Perhaps the strongest reason to teach exception words early on during phonics instruction is that they enable students to progress from reading curated lists of regular example words to reading simple sentences and, eventually, naturalistic text. Given the high frequency of many exception words in language (see above), late teaching of these words may delay the point at which naturalistic reading is possible. However, although reading text is the obvious end goal of phonics instruction, exactly when to transition from reading isolated words to words in context is an area of debate. Both isolated and contextual practice have been shown to yield distinct benefits for reading development during the first years of elementary school—that is, well beyond the period of initial phonics instruction (for reviews, see Li & Wang, 2023; Nation & Castles, 2017). Whereas isolated reading draws learners’ attention to the orthographic details of words, thus supporting later rereading (Ehri & Roberts, 1979; Johnston, 2000; Landi et al., 2006) and spelling (Martin-Chang et al., 2017), context provides semantic and morphosyntactic cues that help children decode orthographically unfamiliar words and strengthen the links between orthography, phonology, and semantics (Archer & Bryant, 2001; Cunningham, 2006; Martin-Chang et al., 2007; Wang et al., 2011).

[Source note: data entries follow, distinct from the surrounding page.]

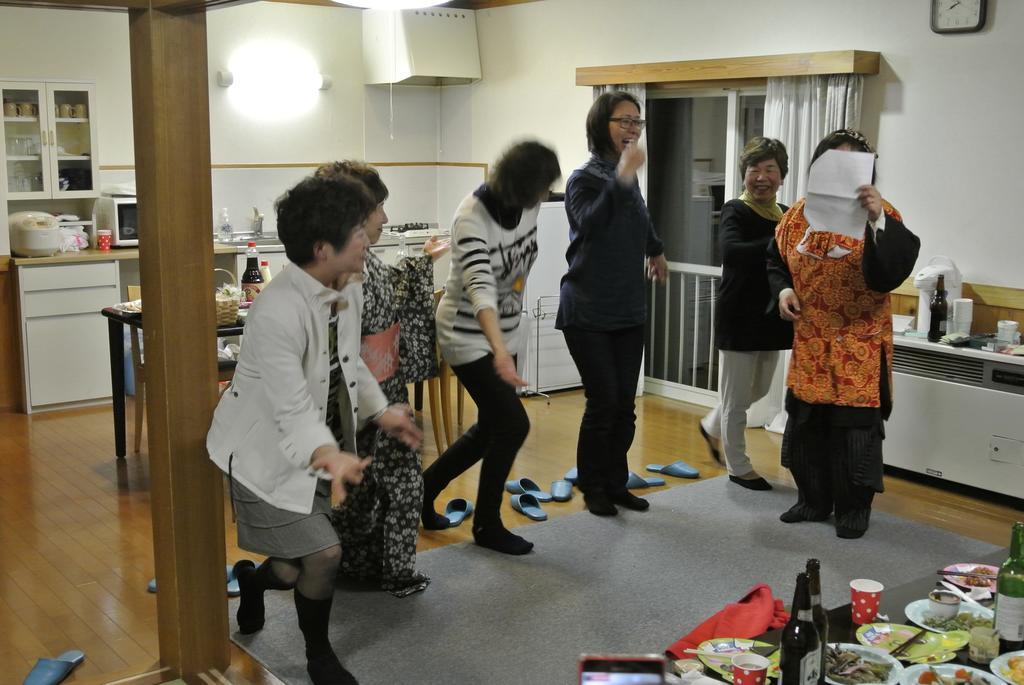 Daichan Farm Guest House Asahi  Экстерьер фото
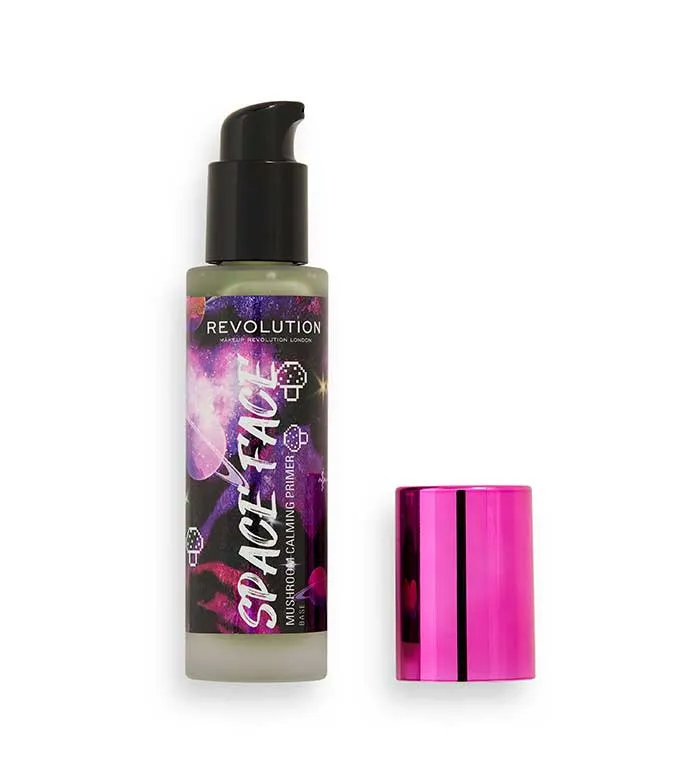 REVOLUTION  *COSMIC TRIP*  PREBASE DE MAQUILLAJE CALMANTE SPACE FACE
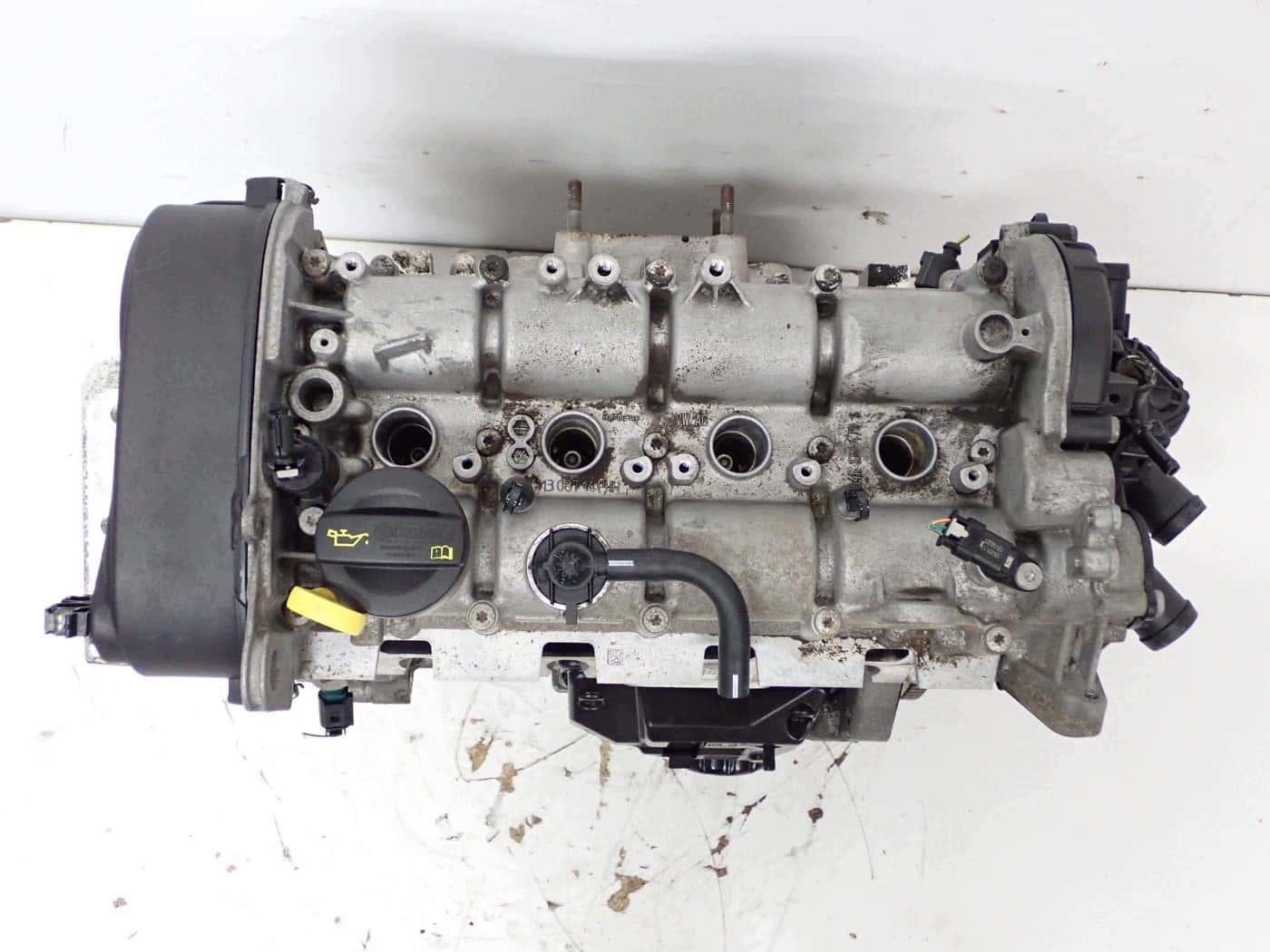 Moteur CJZA vue 2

As a result, deciding when to teach phonics exceptions may require further research into what skills teachers should prioritize, and for how long. If the evidence calls for a longer period of isolated word practice in which students’ knowledge of spelling-sound mappings is firmly entrenched, then it may be preferable for teachers to delay the teaching of (most) exception words. If, instead, the evidence supports a quick transition to reading in context and the additional semantic scaffolding it provides, then it may be preferable for teachers to introduce exception words earlier on.
Interim summary and future directions
In sum, research on reading and learning suggests that decisions on which exception words to teach, and when to introduce them, are influenced both by the linguistic properties of exception words (such as their frequency) and by the target skills that are emphasized during early literacy education. Regarding the latter, the development of robust decoding skills may benefit from a delayed introduction of exception words, whereas a quick transition to naturalistic text reading may require earlier teaching of these words. Future work could use experimental and computational methods to determine an optimal trade-off between these competing factors. The results could inform comparisons of the efficacy with which existing phonics programs use exception words and aid the development of optimized exception sets and schedules for teaching them.
Moving Forward: The Road Toward Optimized Phonics Content
We have illustrated that existing work from the reading sciences and allied research fields can inform key aspects of phonics instruction, but that such research also raises important questions for follow-up. In Figure 6, we summarize our discussion and provide a road map for future research on the content of phonics instruction. However, as we further address below, many of the principles we outline can also be applied to other areas of reading instruction. The three columns of the diagram are related by bidirectional arrows to highlight that successful phonics research relies on a continuous cycle of mutual feedback shaped by the questions that are being investigated, the methods and research practices used to examine them, and the impact of the research for diverse target audiences.

Road map for future research on the content of phonics instruction. GPCs = grapheme-phoneme correspondences; EdTech = educational technology.
Open questions in phonics instruction
Starting on the left of Figure 6, the first column summarizes key questions about the content of phonics instruction that we have addressed in this article, which are informed by existing research but also remain targets for future study and optimization. This list could be extended with further aspects, some of which we have mentioned; examples include the microsequencing of teaching and the debate about blocked versus interleaved learning. Other topics could be added—for instance, best practices in the review of phonics knowledge (see Jones & Reutzel, 2012; Jones et al., 2013). Notably, many of these factors are interrelated and mutually constrain each other: For instance, if more GPCs are taught, then fewer words may need to be introduced as exceptions from those rules. Similarly, as we have noted above, the diversity of example words may have different effects on learning depending on whether GPCs are taught in blocked or interleaved fashion. As a result, future research needs to study the aspects discussed here as interlocking pieces of a puzzle that together inform effective phonics instruction.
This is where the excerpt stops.